Preface
While we were building the cocktail table we had the idea that a 19 inch TV might be able to be converted into a cheap arcade monitor. We went to Fry's and found the cheapest 19" TV and bought it. Then we hacked it all up and got it working as an arcade monitor for several classic games. Then we went back to Fry's and bought 5 more (Also known as "three shopping carts worth").So I finally decided to put this info on a web page because I get asked how we did this quite often! :-). What follows are bits and pieces from several emails I wrote to people explaining what we did. So if it seems a little disjointed, that is why :-)...
Important!
You should be afraid of TVs. They generate upwards of 20,000 volts which can at best knock you flat on your back, and at worst kill you. Don't mess around with the insides of a TV unless you know what you are doing. And don't complain to me if you kill yourself (I suppose that's not really possible :-), but you get the point).The Hack:
We hooked up the RGB outputs from the game board right to the guns on the back of the CRT. We needed pull-up resistors on the lines so the picture was bright enough (the games couldn't drive the guns directly--way to dim). Then we cut the signals that the TV normally drove the guns with. Then we fed the composite sync signal into a composite input on the main chip inside the TV (there was no RCA composite connector on the back of the TV). That composite input (luckily) syncs to the raw sync signal and sets up all the scan rates correctly.We got the repair manuals for the TV from the manufacturer which included a schematic and that was very helpful.
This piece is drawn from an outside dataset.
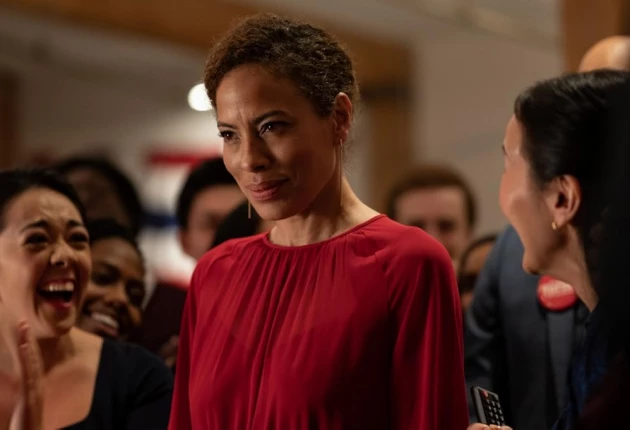 Стоп-кадр из сериала Шершни 1 сезон 10 серия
I made a little bread board that had the pull-up resistors on it and a rotary switch so we could switch between composite, RGB and normal TV operation. The board had a standard arcade monitor connector, an RCA plug (for composite), and power. Its output went to various parts of the TV to enable all the modes.
More on composite sync:
We found a composite video input on the TV chip and put the mixed horiz and vert syncs into the composite video input. Since composite video has the same kind of syncs as the composite sync that comes out of the arcade board the TV chip was able to sync up to it. Then the chip set up all the scan rates to the sync signal so that the RGB that we were force-feeding the guns would be in sync.The only problem is that a couple of my arcade boards (raiden 2 and raiden 1) have a weird vertical refresh rate (65 Hz) which is too far out of range for the TV chip to sync to. So they don't work :-(. A normal arcade monitor works fine with these (it has analog adjustments that have a very wide range).